NotAnOverlay: A perhaps acceptable alternative to overlays

In video game hacking, being able to write and draw on top of the game’s frames allows uncountable ways to get new advantages, especially for ESP cheat (Extra Sensorial Perception) in which you can draw coloured boxes around players with their names, distance, weapons, health points and more, giving you an almost perfect situational awareness.

External cheats (external meaning that they run in a separate process) often use a straightforward system: creating a completely transparent window, without borders or menus, that stay always on top of others, with the same size as the game and at the same position.
This way one can simply draw whatever in this transparent window and for the user it will appear as if it is draw on top of the game’s frames themselves.
Here is how it’s done:

External ESP common design flowchart small

Whether the overlays are detected or not has been an on-going controversial topic for a long time.
In my opinion overlays are detected, but one need to understand something, having one detected element in a cheat doesn’t mean that the whole cheat will be detected.
Imagine that the anti-cheat finds a window, same size and position of the game, transparent, always on top, etc… that’s suspicious right? But okay, some unknown application might do that, banning people on that only basis might lead to false positives and ruin the reputation of both the anti-cheat and the game.
Now let’s say that in addition to this suspicious window, the anti-cheat takes a look at the process owning this window with a simple call of GetWindowThreadProcessId and by taking a look at the system handles of this process, they notice that it has a process handle to the game with full access, despite the fact that the anti-cheat driver has callbacks that prevent this from happening.
Now it is beyond a simple oddity.
They could even make sure automatically that the handle is being used for cheating purposes by analysing what this process does, for example monitoring if it is running calls to ReadProcessMemory using the handle to the game frenetically, for example by placing hooks or with other methods.

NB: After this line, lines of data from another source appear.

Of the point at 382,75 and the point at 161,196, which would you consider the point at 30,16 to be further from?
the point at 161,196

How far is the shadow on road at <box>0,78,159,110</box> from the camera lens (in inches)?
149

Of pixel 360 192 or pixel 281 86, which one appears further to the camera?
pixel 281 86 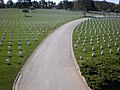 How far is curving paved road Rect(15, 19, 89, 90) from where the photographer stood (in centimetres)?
1933

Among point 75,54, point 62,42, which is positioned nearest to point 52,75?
point 75,54

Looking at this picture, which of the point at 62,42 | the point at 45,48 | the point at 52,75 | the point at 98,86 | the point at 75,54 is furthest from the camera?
the point at 62,42

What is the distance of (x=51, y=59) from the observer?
89.0ft

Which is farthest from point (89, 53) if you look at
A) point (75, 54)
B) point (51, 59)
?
point (51, 59)

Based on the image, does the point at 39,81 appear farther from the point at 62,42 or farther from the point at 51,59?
the point at 62,42

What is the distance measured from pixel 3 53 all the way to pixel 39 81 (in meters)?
11.2

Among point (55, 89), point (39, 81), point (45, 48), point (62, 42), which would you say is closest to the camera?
point (55, 89)

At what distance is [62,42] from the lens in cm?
3716

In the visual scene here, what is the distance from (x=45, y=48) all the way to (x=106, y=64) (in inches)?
536

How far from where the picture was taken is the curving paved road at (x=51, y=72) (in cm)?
1933

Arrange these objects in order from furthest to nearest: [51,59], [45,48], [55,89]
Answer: [45,48]
[51,59]
[55,89]

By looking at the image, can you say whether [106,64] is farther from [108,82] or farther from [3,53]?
[3,53]

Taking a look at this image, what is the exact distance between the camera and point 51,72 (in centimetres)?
2264

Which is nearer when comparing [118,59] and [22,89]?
[22,89] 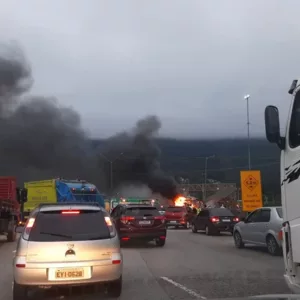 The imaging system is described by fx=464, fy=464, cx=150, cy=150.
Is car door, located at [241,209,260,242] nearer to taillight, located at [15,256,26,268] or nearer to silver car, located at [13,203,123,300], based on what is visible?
silver car, located at [13,203,123,300]

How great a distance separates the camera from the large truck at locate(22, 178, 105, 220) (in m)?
24.3

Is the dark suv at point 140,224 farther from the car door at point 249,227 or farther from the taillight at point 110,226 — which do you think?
the taillight at point 110,226

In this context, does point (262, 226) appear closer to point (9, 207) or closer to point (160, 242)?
point (160, 242)

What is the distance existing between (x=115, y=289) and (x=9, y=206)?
40.7ft

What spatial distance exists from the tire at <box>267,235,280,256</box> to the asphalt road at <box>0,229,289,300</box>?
215 millimetres

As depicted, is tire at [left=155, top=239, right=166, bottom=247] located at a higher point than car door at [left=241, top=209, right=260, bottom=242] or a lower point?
lower

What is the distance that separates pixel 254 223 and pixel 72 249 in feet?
28.1

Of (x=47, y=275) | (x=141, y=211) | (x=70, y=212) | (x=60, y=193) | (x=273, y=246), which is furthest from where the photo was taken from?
(x=60, y=193)

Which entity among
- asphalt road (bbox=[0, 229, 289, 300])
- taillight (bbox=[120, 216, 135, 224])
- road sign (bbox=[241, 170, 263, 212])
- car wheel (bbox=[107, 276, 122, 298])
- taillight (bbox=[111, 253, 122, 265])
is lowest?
asphalt road (bbox=[0, 229, 289, 300])

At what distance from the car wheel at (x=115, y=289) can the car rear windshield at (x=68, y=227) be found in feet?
2.47

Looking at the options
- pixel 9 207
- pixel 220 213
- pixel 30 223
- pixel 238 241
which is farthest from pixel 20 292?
pixel 220 213

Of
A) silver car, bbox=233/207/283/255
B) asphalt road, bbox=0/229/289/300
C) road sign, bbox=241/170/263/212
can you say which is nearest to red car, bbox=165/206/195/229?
road sign, bbox=241/170/263/212

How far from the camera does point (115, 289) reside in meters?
7.16

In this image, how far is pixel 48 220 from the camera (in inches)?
274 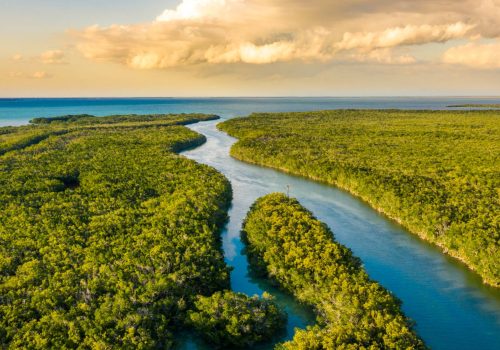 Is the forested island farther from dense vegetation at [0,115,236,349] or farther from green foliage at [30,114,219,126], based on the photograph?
green foliage at [30,114,219,126]

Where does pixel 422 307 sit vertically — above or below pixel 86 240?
below

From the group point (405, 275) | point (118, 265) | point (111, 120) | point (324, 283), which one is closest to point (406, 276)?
Result: point (405, 275)

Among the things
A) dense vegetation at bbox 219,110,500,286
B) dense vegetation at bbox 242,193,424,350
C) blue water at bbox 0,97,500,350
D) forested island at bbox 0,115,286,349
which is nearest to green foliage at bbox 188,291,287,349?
forested island at bbox 0,115,286,349

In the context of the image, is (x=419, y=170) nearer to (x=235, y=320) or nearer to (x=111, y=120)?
(x=235, y=320)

Anyway, whatever is your opinion on this, I think we can all agree that doing without such a suspicious overlay window would be a good thing.
There has been interesting approaches, like for example leveraging applications whitelisted by anti-cheats having the approval to draw on top of game frames, such as Discord, FRAPS, TeamSpeak, NVIDIA, and many other gaming related software.
Another interesting approach is to use Direct Kernel Object Manipulation (DKOM) to remove all tracks of that window, making it impossible to find with common API functions.
I have started an Overwolf plugin but haven’t finished and I do not know if I will work again on that, but if I do, I’ll share that.

I thought a bit about other possible solutions to do without an overlay window.
An idea that come to most people’s mind is to do a 2D radar to locate enemies around, but let’s admit it: Once you have tasted a state of the art ESP with overlay, there’s not going back, I wouldn’t settle for less.
So I was looking for a way to have an overlay, but without overlay window.
Then I had an idea: Duplicating the game’s image in a window (classic, custom size, non-transparent, non-always-on-top, etc… to be undetectable because like any other window) and drawing the cheat overlay on top of that image.
I wanted it to be (1) efficient, it has to run smoothly, and (2) compatible with the classic overlay systems (some people use DirectX, others use OpenGL, GDI, and probably many others).
One way to allow this would be to have the frame of the game being the background of the window, then the rendered image of the cheat overlay would just be added on top of that.
To do that I used GDI functions, the main ones being GetDC, CreateCompatibleDC, CreateCompatibleBitmap, BitBlt, and StretchBlt.
I read several times that GDI was not very performent, so I was expecting something laggy, but in fact it runs absolutely smooth!
With DayZ Standalone it ran at about 160 FPS constant as you can see in the following video:

It actually runs so smoothly that one can play by watching only the duplicated frame in the overlay window without problem.
I do not know if I will use this, but at least I know that this is definitely a viable solution.
If you are interested, I uploaded this small program to GitHub, don’t hesitate to try stuff with it.